Betty White should have been upset by the crudeness of her publicist’s language, but she wasn’t, because she hadn’t heard it, because she’d set the phone down to go outside to pet the squirrel.
“OK,” the publicist said, a hopeful tone in her voice. “I’m sending someone from the office over this afternoon with a computer. He’s going to help get you set up. Stay bad, bitch.” The publicist hung up her Bluetooth and punched the gas in her Maserati. Her dog was going to be late for puppy pilates!
Later that afternoon, a young man in a two-button Ed Hardy suit and wraparound Oakleys with the Bluetooth headset actually built in to the arms knocked on Betty White’s door.
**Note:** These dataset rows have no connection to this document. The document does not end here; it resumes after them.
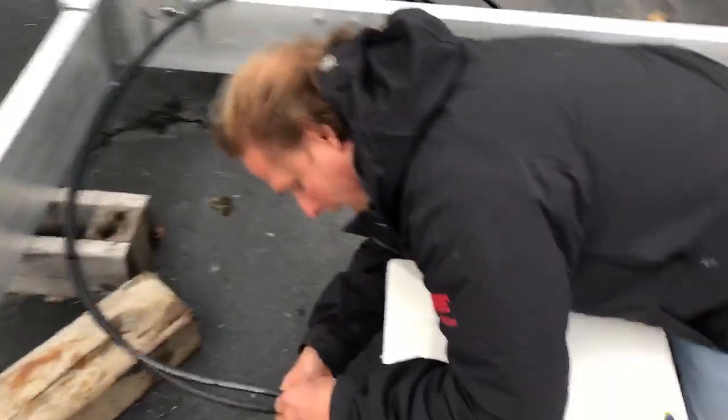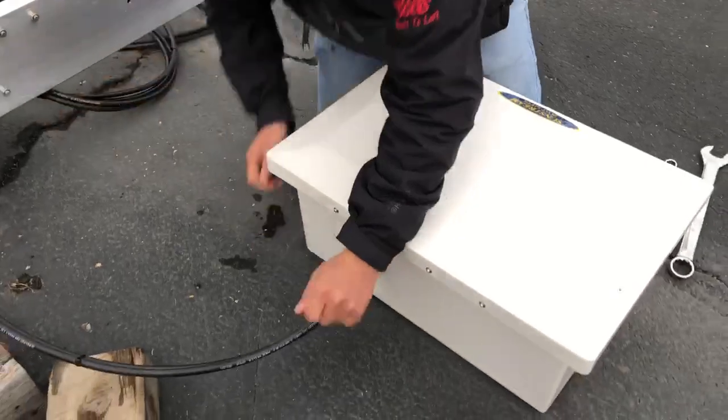Take your lines and feed them through the back holes to the proper coupler.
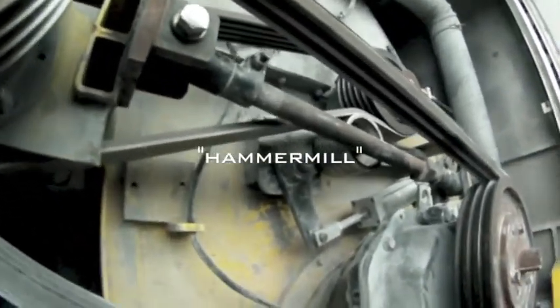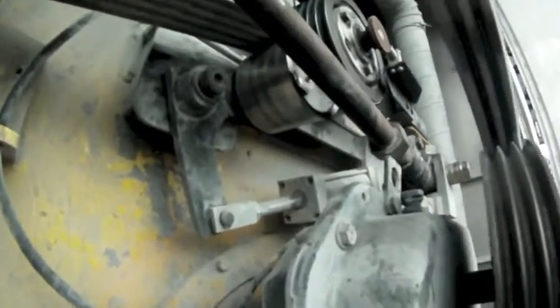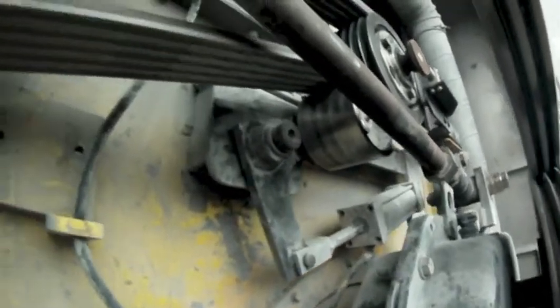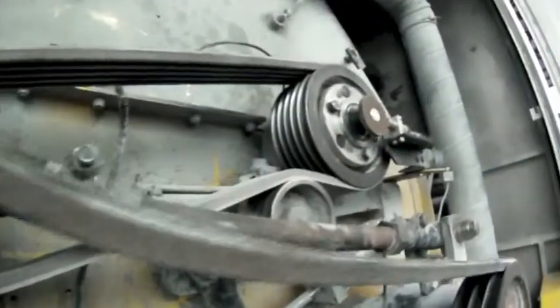They're great trucks — they can destroy a lot of different things. How it works is the paper that gets tipped into the top falls down a hopper, and the pulleys and belts that we're seeing here are driving three main components.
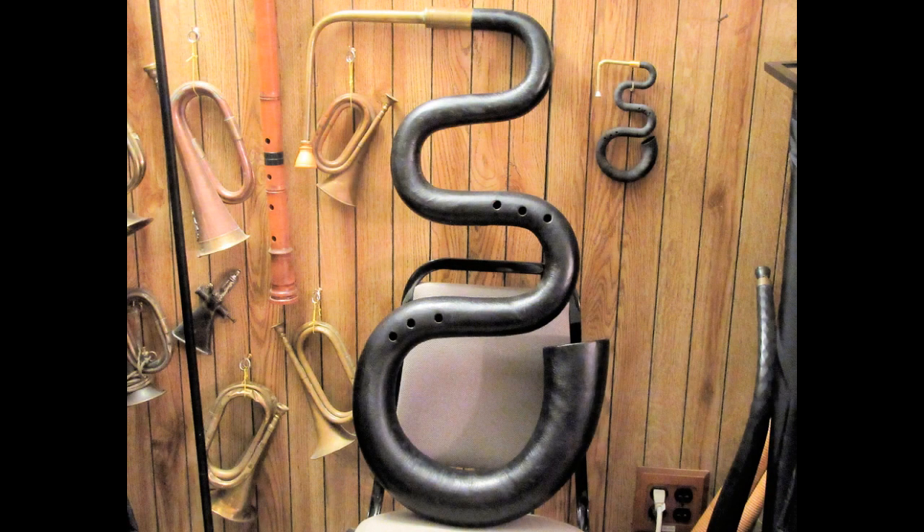This is a how-to video about how one can do the string or thread wrapping on the shank of a mouthpiece for a serpent, although the same techniques can certainly be used for doing similar kinds of seal wrapping on other musical instrument mouthpieces — everything from woodwinds to other early brass instruments. This is the way I've been doing it, and I thought I would share it.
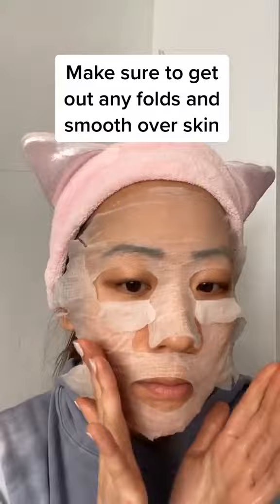Put the sheet mask on your face and adjust to fit accordingly. This is a great way to get a more intense effect out of your favorite serum or lotion. Happy sheet masking!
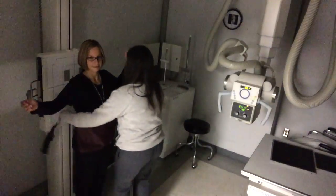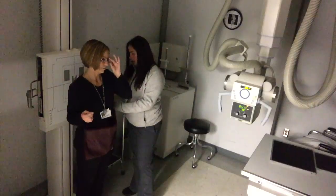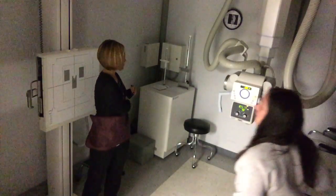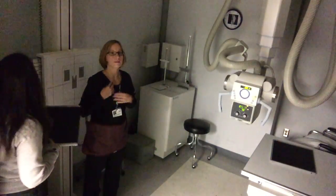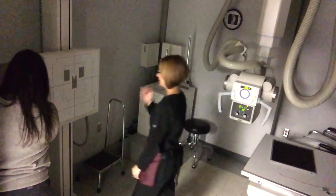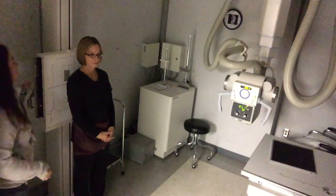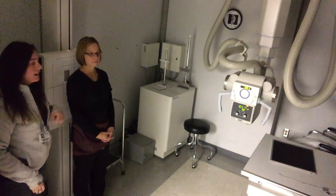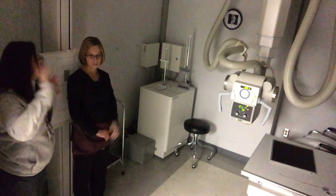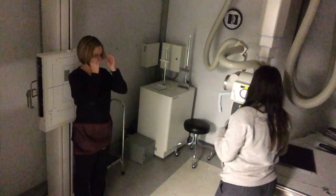First we're going to put a shield on her. We'll be using a 10 by 12 IR for all three of these. Grab that and stick it in the Bucky with the orange sticker facing down. You'll have to use your little lever here and put that in at the 12. When prepping your patient for this exam, you'll want them to take off any earrings, eyeglasses, necklaces, hair ties, hair pins, and anything that might show up right behind their C1 on the open mouth.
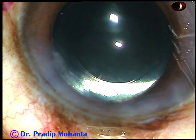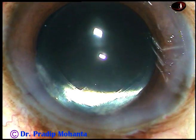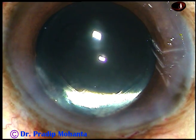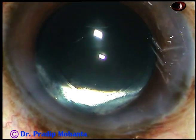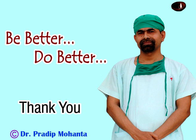We must check the wounds. There should not be any leakage from any side. You should check the intraocular pressure digitally and then conclude the case. Thank you very much for your attention. Hope this video will help you in developing your surgical skills. Be a great surgeon — serve mankind with empathy, respect, and great surgical skills.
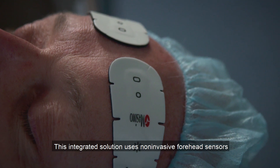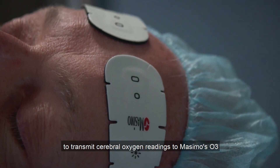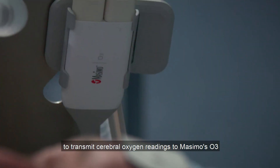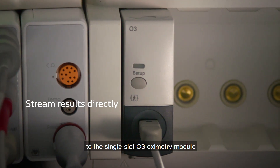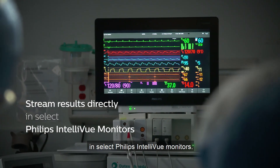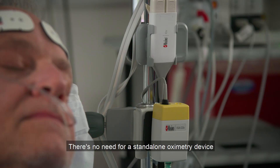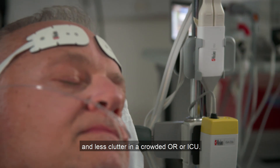This integrated solution uses non-invasive forehead sensors to transmit cerebral oxygen readings to Massimo's O3 measurement device and stream the results directly to the single-slot O3 oximetry module in select Philips Intelliview monitors. There's no need for a standalone oximetry device and less clutter in a crowded OR or ICU.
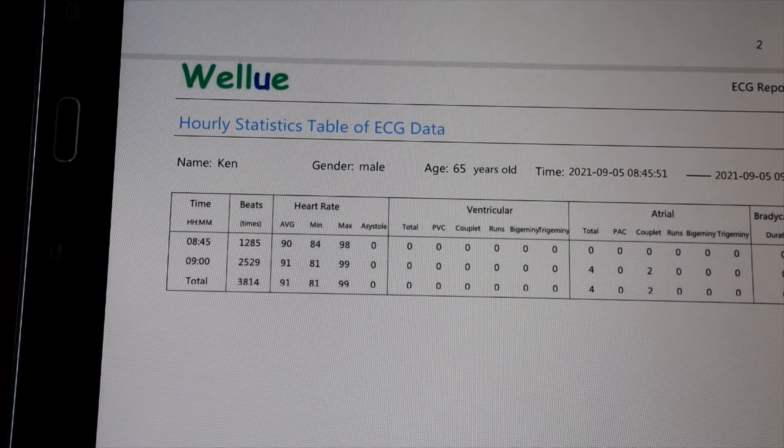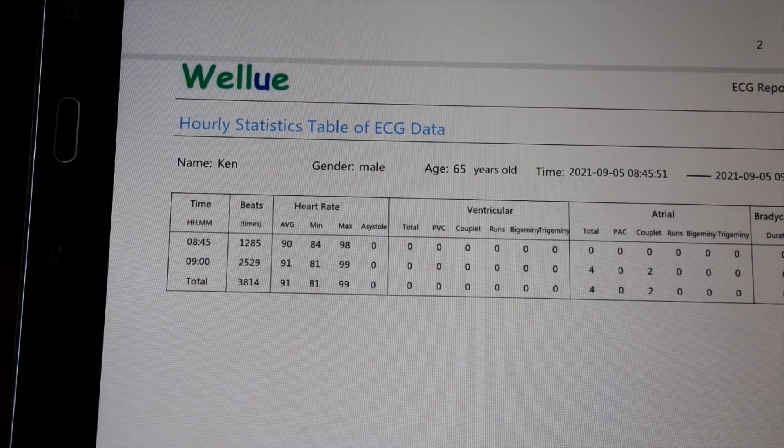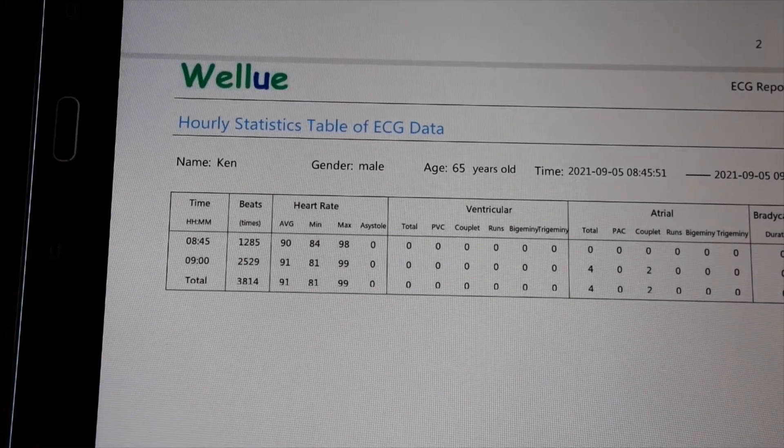You download the data to the app, then tell it to analyze and it'll do that. This one was about a 45-minute walk and it took maybe three minutes to analyze it.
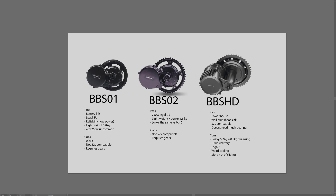Starting with the BBS01, it is the weakest of the three. It's a 250 watt mid-drive motor. The good thing about this is it's a pretty low power, so it's going to have good battery life. It's legal in the EU, completely legal here, and reliability is also pretty high with this one.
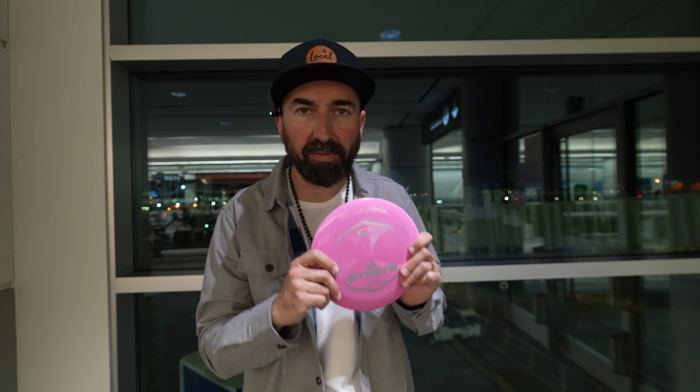April 3rd, I believe, the Strive is coming out from Latitude 64 — flight numbers 13, 5, -1, 3. I want to talk about this disc a little bit because we just finished filming a couple of mic'd-up rounds, one in particular at Toronto Island. I'll leave a link in the description where you can check out the footage from that video.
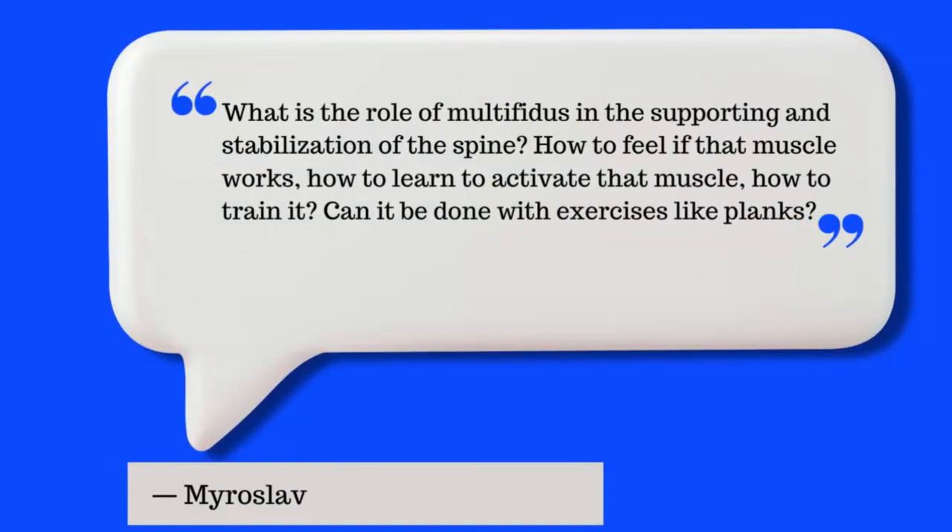Today's focus and question is going to be on the multifidus muscle, its relationship to back pain, how to sense it, how to feel for it, and the kind of exercise that can be useful. Today's question is by Miroslav, who provides a history of L5 S1 and L4 L5 disc herniation, being 25 years old, and talks about his posture and hyperlordosis. His question is: what is the role of the multifidus in supporting and stabilizing the spine, how to feel if that muscle works, how to learn to activate it, how to train it, and can it be done with exercises like planks?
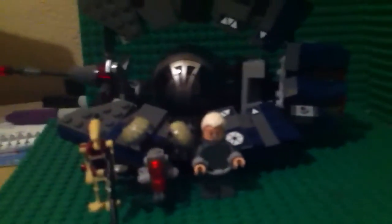Hey guys, this is Peter Williams and I'm reviewing a set named the Droid Tri Fighter. It's a pretty good set — you get this giant ship — but I'll get into that later. First, let's start off with the minifigures.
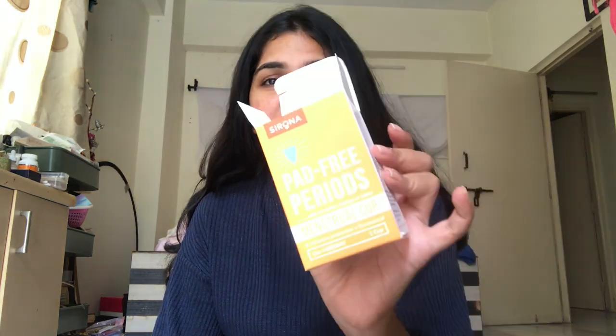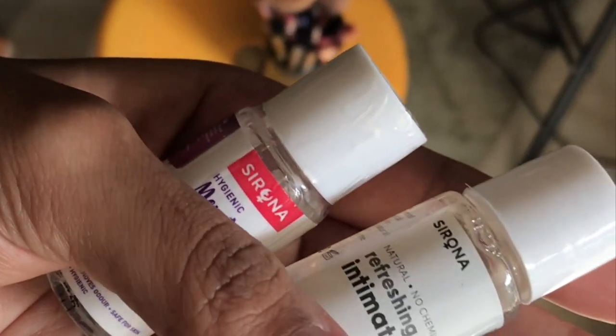I have the cup right here. I got the Sirona Padbury period cup in size medium — they recommend it for age 22 and above, and all the sizing info is on their website. I'm going to sanitize it first. I expect my period in the next four to five days, so I want to do a trial run and wear it for two to three hours today so I'm comfortable before actually using it during my period. They also included a menstrual cup wash and an intimate wash.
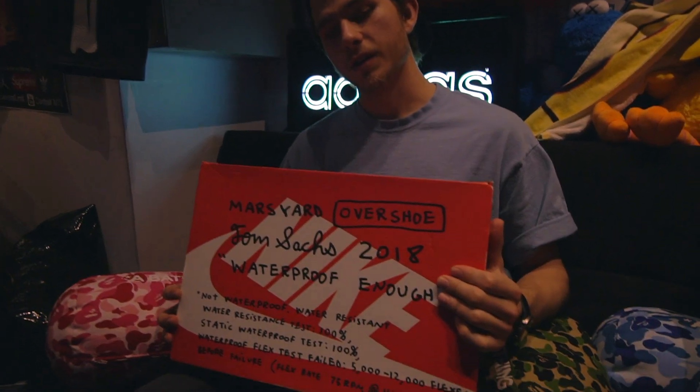What's up guys? Wes here, quickly reviewing the Mars Yard Overshoe.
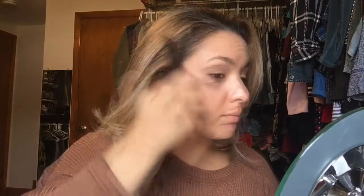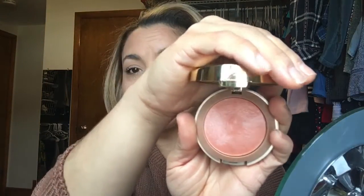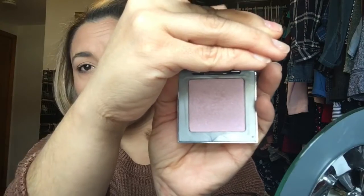For bronzer I'm using NARS Laguna and I'm just warming up my face with this. For blush I'm going to be using my favorite — Milani in the shade Luminoso, it's a nice peachy shade. Now I'm going to be using the Urban Decay Afterglow highlighter and this is pretty much going everywhere. I'm not even going to try to say the name of the highlighter because I'll butcher it, so I'll be listing it down in the description box.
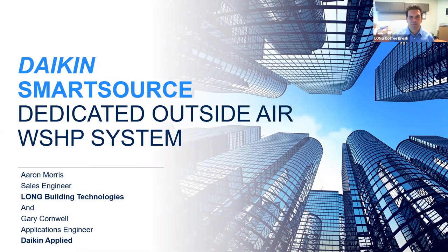Thank you Gary for joining us this morning and filling us in on the innovative features of the Daikin Smart Source dedicated outside air water source heat pump system. This looks like a great option for providing ventilation on water source heat pump projects and water-cooled VRF projects. Thanks for the opportunity to introduce this new Daikin DOAS water source heat pump unit — we are very excited about this new product. Catalogs are available at daikinapplied.com, and if you have any questions please contact your Long Equipment salesman. Join us again next week when Andrew Tobin will be discussing heat recovery chillers. Thank you and goodbye.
She invited him in, but before he could say anything, she had already sat him down for tea and cucumber finger sandwiches. “A gentleman puts the napkin in his lap,” she said sternly, motioning towards the iron-pressed napkin rolled in an ivory napkin holder. The young man, high out of his mind, and still thinking about the blowjob he’d gotten that afternoon from a girl he had told he was casting director stared at her. “A gentleman puts the napkin in his lap,” Betty White said again. The gentleman, who was not a gentleman at all, did.
After tea, the young man booted up the computer he had brought with him and asked Betty for her wireless password. “My what-erless huh?” Betty said. The young man groaned and then plugged a 3G wireless card into the USB port. Once he was on-line he went to Facebook. “OK, he said,” desperate to get out of there and go call his drug dealer for some more expensive designer drugs like the kind he was on right now. “You’re all set. You just need to put in your email address and then it should be pretty straight forward.”
Betty White sat down at the computer and typed in her street address.
The young man groaned again. He quickly set up a hotmail account, firstname.lastname@example.org. As the man hurried out, Betty White smiled and said, “you’re going to make a young woman very happy someday, you heartbreaker.” She watched him back out of the driveway to make sure he was OK. Then she watched the empty driveway for a few minutes, thinking about death and people she had loved along the way.
Betty White sat down once more at the computer. “Interests…hmmm…well, I like to play Mah Jongg.”
That reminded her, she needed to call Carol and set up next week’s Mah Jongg game. She closed the laptop, wrote “To: Facebook” on the front, placed a stamp in the corner, and put it in her mailbox. Hopefully Carol was still awake, although Betty knew it was risky to call after 5PM. Worst case scenario, she could leave her a message on her coal-powered answering machine.